Elegant C: spinlocks

Showing posts with label spinlocks. Show all posts

Wednesday, October 17, 2018

Thesis Defense: Practical Concurrency Testing

Ben Blum defended his dissertation work today on Practical Concurrency Testing. What follows are the notes from that defense.

To prove that a program is correct across arbitrary concurrency. There are three testing approaches:
unit testing of the most likely, stress testing that is not systematic, and verification that requires separate tools and techniques to describe.

Landslide is a proposed technique that is based on Stateless Model Checking (Godefroid '97), which tests a different execution interleaving on every iteration. However, the naive interleaving provides O(2^n) states to test. [Flanagan '05] identified equivalent interleavings and [Musuvathi '08] proposed heuristic orderings to identify the possible bugs faster. This approach can often require annotations, so adoption requires automated instrumentation. This space is addressing further concurrency problems such as weak memory models, but hardware transactional memory is still open.

This instrumentation requires preemption points. Finer-grained finds more bugs, but increases the states to test. Bugs / failures follow certain cases, such as use-after-free, deadlocks, assertion failures, and invalid memory accesses. Dynamic data-race analysis can help inform the necessary preemption points.

As a reminder, a data race:
- one or more accesses is write
- threads are not holding the same mutex
- Nor is there other ordering requirements (condition variable, etc)

Quicksand applies this analysis to select different smaller problem spaces using subsets of possible preemption points. Each subset also represents smaller parts of the larger possible problem space. If these subsets are all satisfied, then represents a full verification of the program. Prior work explored using APIs such as mutex_lock/unlock, or using every shared variable access as preemption points.

This tester is deployed in OS courses at CMU, PSU, and U Chicago. Manual annotation is not viable for students, especially those struggling for whom the traces would be valuable. That said, students regularly deploy ad-hoc synchronization, such as while (!ready) yield();, requires heuristics as the naive model checking must test every possible count of yielding and its interleaving.

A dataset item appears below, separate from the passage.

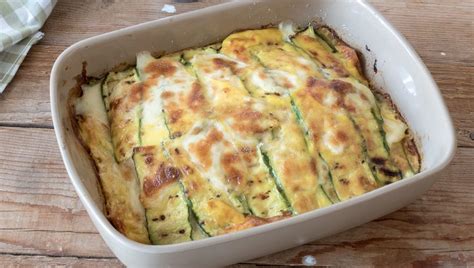 Pirofila con lo sformatino di zucchine in forno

When used by students, about 75% of tested kernels / libraries have identifiable bugs from the testing framework. For the tested submissions (7 semesters) of students at CMU, there is an improvement in grades, but it is not statistically significant when correcting for the opt-in bias. Most students are then able to fix their bugs found by the tool.

Hardware transactional memory poses a separate challenge for model checking. Aborted transactions are observationally equivalent to an immediately failed transaction. Furthermore, all transactions must be assumed to abortable, as there are many possible causes of aborts. As prior posts covered, this fact requires that any transaction have a valid abort path. And this abort path requires most of the verification.

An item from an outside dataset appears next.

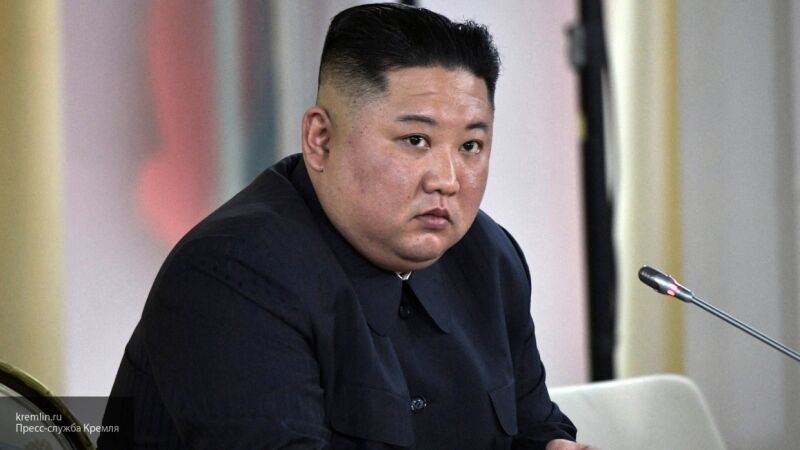 Ким Чен Ын впервые за долгое время появился на публике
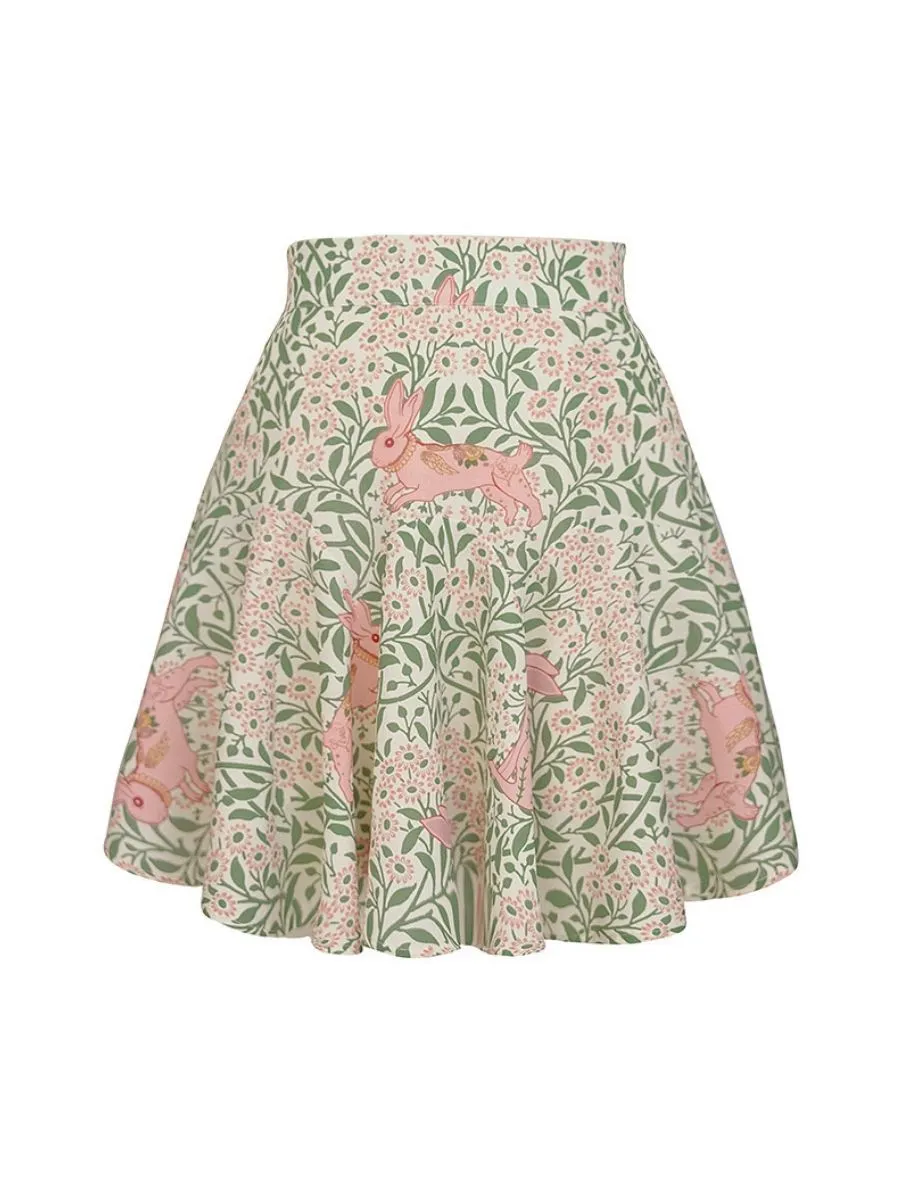 JUNGLE ME Women Garden of Fresh Flowers in Full Bloom Green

Testing Landslide using hand-written tests, transactional data structures, and a TSX-based spinlock. Each set of tests has a concurrency or performance bug in the implementations. What about demonstrating that there are no bugs in implementation? With 10 hours of CPU time, verification is only possible for small cases on complex code. That said, practical testing so far only requires <4 preemptions to create the buggy scenario. There can be other bugs requiring an increasingly complex ordering, but generally those are very rare.

Abstraction reduction [Simsa '13], works to reduce primitives within implementations to verified components, such as mutual exclusion, etc. Using this technique then allows Landslide to verify the complex HTM implementations at higher thread counts.

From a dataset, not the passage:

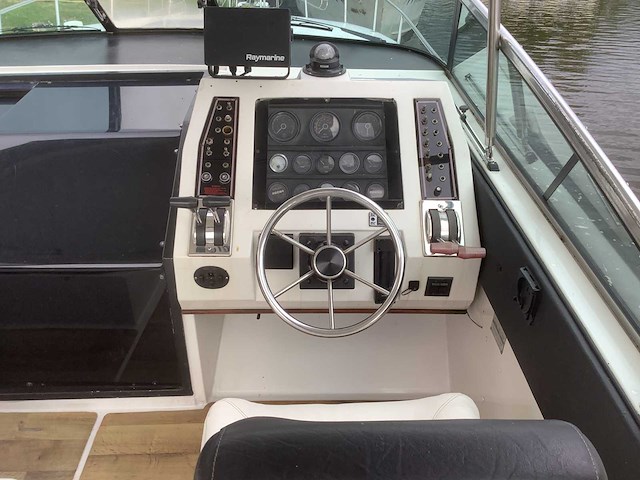 1990 century grand shadow grande 33 motorjacht - afbeelding 13 van  16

In attendance are the recent instructors of Operating Systems and the TAs.

Monday, February 6, 2017

Conference Attendance CGO (etc) 2017 - Day 1

I started the conference attendance this time on Saturday, with the LLVM-Performance workshop at which I presented an extension to my dissertation work. I received some interesting and useful feedback from the other attendees, as well as saw additional possibilities of its usage and collaboration. Now that it is Monday, it is time to attend some conference talks. In the evening today, I will be being an advisor and watching one of my students present our work, which we practiced today so it should go great!

Checking Concurrent Data Structures Under the C/C++11 Memory Model
C/C++11 included additional keywords that allow specifying features of the memory model, previously covered. In order to check data structure implementations, the data structures need to be further annotated so as to further describe valid and invalid executions. For example, is a queue required to always return an element, or can it fail if an element was recently added? Using these annotations, the authors were able to find issues and other identifications for the data structures.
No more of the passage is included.